- [Given data]
· · · · ·

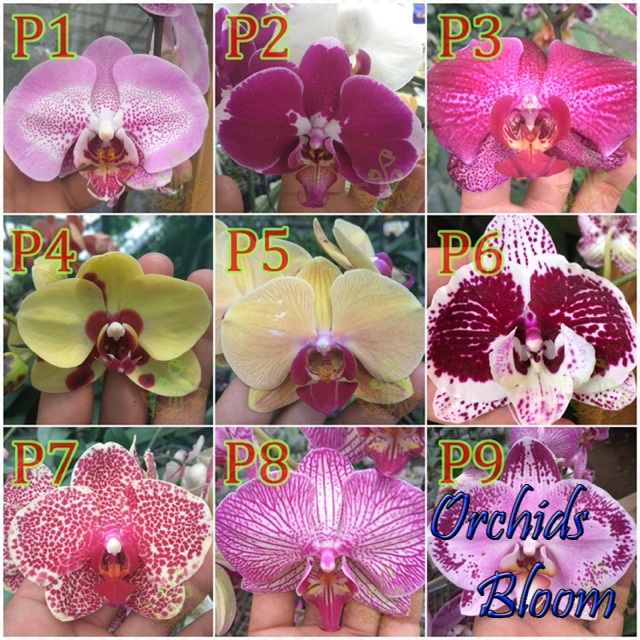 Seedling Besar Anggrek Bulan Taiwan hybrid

· · · · ·

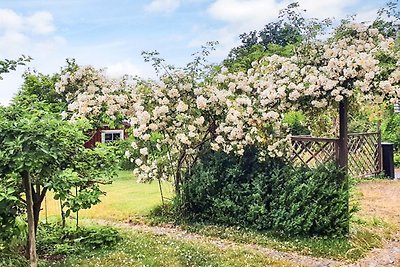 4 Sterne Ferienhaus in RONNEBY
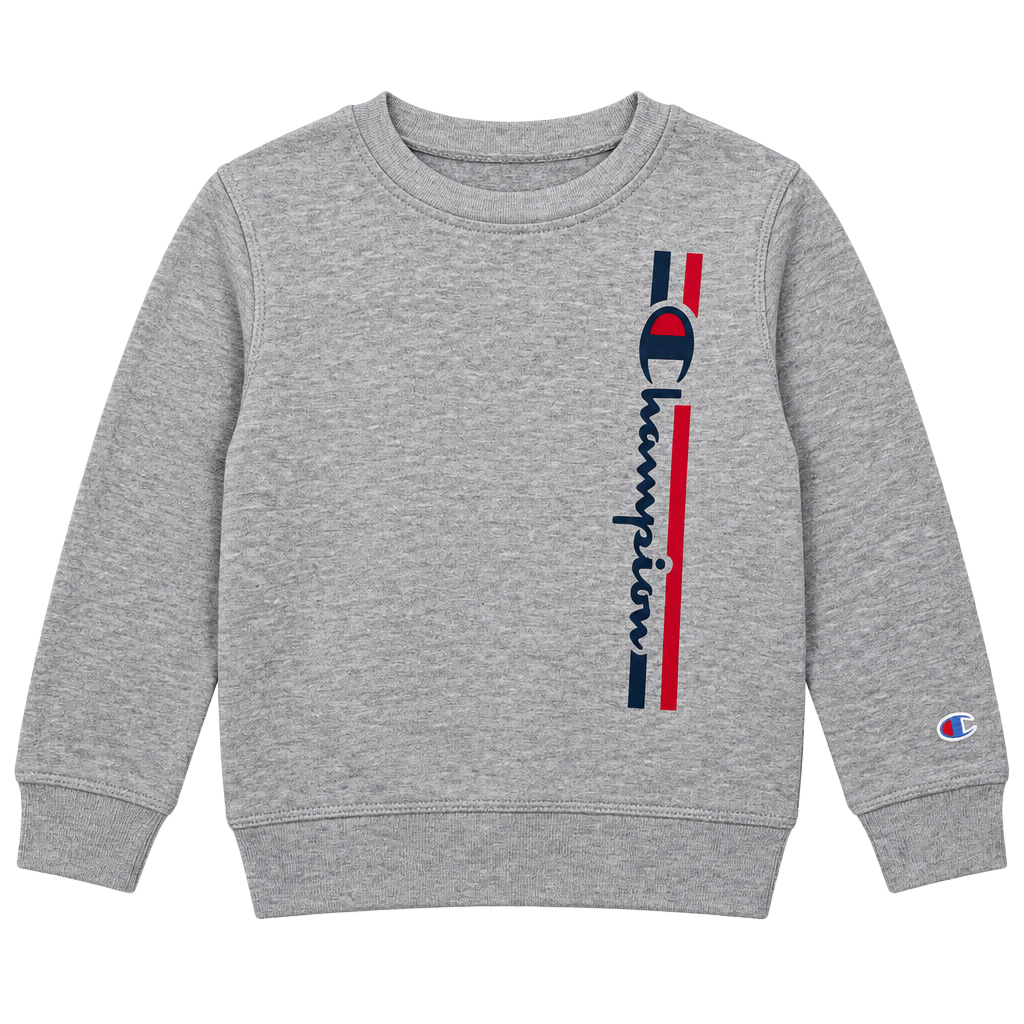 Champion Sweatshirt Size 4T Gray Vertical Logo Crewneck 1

· · · · ·

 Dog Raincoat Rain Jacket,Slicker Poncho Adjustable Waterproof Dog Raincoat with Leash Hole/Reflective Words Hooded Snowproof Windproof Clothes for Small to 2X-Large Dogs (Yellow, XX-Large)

· · · · ·

- [Problem to solve]
From the records above, copy only the lines running from the line holding "4 Sterne Ferienhaus in RONNEBY" through the line holding "Champion Sweatshirt Size", with no pictures.

- [Answer to the problem]
 4 Sterne Ferienhaus in RONNEBY
 Champion Sweatshirt Size 4T Gray Vertical Logo Crewneck 1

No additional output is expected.